(Collected data)

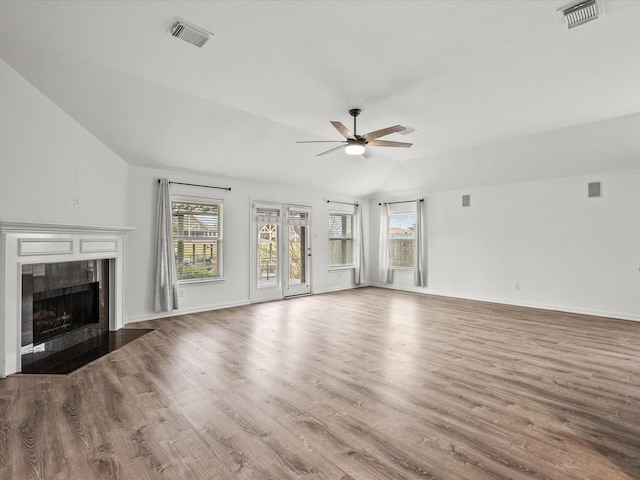 unfurnished living room featuring visible vents, lofted ceiling, ceiling fan, and a fireplace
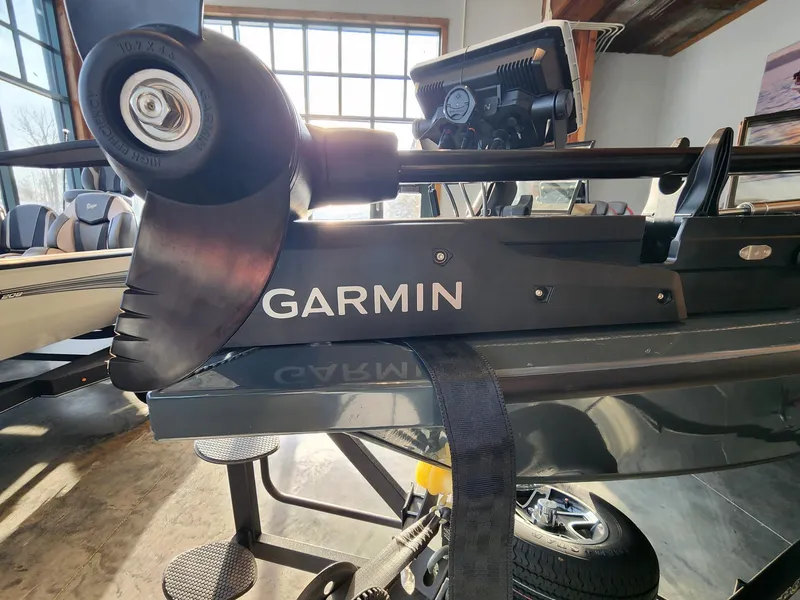 Slide: The Image of 2024 Ranger VX1888 WT boat with Garmin equipment in a showroom. - 8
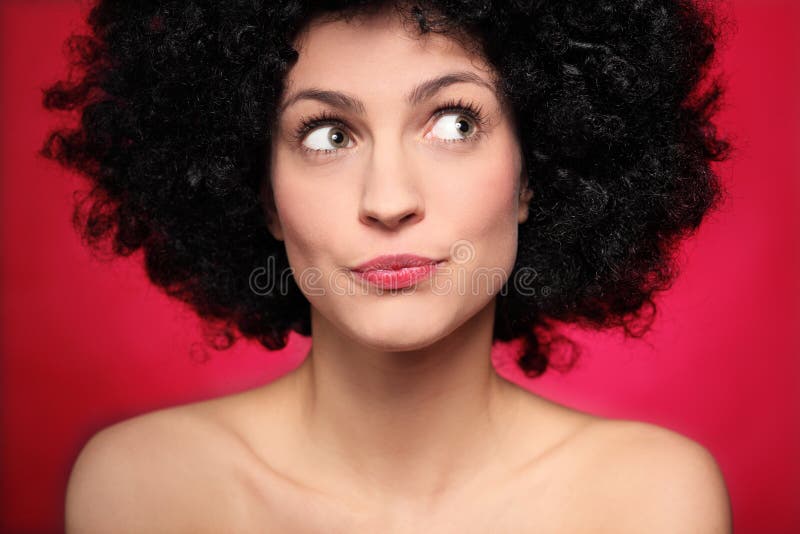 Young woman over red background. Woman doubtful looking stock images, royalty-free photos and pictures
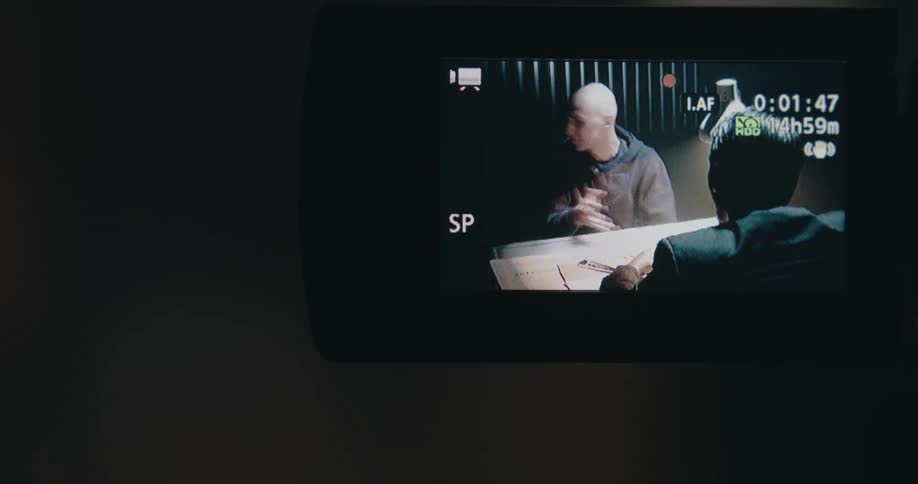 Close up of the viewer of a vcr recording of a man being interrogated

(End Collected data)

* _Exercise brief_
The listing above must be retyped word for word, without the pictures.

* _Answer box_
 unfurnished living room featuring visible vents, lofted ceiling, ceiling fan, and a fireplace
 Slide: The Image of 2024 Ranger VX1888 WT boat with Garmin equipment in a showroom. - 8
 Young woman over red background. Woman doubtful looking stock images, royalty-free photos and pictures
 Close up of the viewer of a vcr recording of a man being interrogated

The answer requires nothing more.